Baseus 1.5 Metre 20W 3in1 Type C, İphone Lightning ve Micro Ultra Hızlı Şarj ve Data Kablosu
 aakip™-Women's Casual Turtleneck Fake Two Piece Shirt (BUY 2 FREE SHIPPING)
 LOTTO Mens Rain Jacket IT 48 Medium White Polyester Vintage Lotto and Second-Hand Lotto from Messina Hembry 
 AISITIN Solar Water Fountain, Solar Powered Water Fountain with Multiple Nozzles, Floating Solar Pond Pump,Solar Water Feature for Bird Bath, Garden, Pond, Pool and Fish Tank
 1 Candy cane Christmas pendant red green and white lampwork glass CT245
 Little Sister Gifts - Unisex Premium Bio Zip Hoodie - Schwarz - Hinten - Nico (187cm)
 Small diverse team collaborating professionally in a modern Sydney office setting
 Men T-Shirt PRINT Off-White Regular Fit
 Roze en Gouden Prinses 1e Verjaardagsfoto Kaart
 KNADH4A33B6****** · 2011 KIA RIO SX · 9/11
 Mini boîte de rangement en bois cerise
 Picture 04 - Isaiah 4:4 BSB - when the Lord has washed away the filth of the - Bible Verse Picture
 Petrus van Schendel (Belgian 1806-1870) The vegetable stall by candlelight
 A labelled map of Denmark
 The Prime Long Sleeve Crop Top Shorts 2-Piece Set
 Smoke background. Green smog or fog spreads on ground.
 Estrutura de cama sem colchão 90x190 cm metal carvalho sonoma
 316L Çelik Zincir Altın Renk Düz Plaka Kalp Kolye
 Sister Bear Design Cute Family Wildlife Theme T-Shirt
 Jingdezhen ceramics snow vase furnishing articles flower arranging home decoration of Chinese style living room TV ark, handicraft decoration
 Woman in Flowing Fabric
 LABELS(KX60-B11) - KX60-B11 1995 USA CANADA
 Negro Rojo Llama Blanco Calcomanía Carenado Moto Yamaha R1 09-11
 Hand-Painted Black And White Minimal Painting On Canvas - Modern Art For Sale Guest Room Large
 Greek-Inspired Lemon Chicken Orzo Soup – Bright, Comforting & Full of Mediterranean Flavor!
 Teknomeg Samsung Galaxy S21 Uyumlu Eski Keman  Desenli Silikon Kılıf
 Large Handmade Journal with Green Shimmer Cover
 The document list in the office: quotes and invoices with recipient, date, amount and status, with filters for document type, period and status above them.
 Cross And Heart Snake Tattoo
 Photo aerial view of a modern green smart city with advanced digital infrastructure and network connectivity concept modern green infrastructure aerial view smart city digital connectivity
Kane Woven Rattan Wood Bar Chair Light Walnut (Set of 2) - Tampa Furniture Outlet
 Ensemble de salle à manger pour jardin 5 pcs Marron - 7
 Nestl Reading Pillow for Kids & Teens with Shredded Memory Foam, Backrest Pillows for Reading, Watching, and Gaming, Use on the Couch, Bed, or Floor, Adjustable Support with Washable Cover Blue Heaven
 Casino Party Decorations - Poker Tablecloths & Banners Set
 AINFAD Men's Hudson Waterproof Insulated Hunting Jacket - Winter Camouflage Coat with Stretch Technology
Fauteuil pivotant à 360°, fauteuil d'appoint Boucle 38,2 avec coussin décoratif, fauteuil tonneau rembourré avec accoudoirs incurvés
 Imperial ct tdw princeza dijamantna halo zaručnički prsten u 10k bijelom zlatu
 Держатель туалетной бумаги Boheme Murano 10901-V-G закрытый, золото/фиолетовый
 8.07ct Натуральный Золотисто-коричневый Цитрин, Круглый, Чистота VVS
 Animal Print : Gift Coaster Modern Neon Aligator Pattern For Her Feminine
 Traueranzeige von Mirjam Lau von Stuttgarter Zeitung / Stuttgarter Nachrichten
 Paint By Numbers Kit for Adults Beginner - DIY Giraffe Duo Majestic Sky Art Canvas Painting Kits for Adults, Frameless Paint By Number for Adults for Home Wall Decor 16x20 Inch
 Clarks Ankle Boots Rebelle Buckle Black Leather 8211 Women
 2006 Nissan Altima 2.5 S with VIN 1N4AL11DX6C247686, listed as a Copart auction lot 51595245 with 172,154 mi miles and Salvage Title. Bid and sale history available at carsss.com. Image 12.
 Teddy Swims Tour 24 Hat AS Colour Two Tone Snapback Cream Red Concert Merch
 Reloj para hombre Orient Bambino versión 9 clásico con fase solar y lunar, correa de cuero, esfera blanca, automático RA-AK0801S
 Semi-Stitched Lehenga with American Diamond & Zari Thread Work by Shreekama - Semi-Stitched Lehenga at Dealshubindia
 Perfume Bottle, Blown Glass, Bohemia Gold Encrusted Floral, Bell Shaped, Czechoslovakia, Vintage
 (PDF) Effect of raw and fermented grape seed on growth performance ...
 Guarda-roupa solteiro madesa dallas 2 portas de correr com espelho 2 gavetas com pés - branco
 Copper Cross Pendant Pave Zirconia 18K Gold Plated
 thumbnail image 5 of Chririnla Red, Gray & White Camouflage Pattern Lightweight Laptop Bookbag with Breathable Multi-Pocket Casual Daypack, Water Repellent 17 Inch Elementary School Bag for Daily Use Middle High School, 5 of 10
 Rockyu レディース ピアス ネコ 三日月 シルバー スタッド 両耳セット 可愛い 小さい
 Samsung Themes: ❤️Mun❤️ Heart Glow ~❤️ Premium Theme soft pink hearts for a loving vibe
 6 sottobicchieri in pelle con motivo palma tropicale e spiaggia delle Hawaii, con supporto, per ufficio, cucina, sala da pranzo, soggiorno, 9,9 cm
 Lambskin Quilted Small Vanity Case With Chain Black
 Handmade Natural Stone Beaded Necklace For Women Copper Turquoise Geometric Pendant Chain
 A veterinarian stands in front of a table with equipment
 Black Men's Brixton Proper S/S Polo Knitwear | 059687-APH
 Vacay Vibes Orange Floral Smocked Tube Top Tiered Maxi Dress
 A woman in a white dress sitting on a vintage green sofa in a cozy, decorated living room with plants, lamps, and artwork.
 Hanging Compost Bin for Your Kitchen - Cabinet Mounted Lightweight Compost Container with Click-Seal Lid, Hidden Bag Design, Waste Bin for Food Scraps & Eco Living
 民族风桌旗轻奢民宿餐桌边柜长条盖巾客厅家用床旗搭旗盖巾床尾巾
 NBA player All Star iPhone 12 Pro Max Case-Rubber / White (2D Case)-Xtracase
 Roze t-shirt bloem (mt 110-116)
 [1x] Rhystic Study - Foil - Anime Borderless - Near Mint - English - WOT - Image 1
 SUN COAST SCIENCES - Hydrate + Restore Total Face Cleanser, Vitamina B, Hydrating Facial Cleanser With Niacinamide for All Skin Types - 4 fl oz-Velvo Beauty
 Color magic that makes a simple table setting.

—————

- _WHAT YOU WILL DO_:
For the material above, reproduce exactly the lines from the line with "6 sottobicchieri in" to the line with "Lambskin Quilted Small", inclusive, and exclude all others.

- _RESULT OF THIS TASK_:
 6 sottobicchieri in pelle con motivo palma tropicale e spiaggia delle Hawaii, con supporto, per ufficio, cucina, sala da pranzo, soggiorno, 9,9 cm
 Lambskin Quilted Small Vanity Case With Chain Black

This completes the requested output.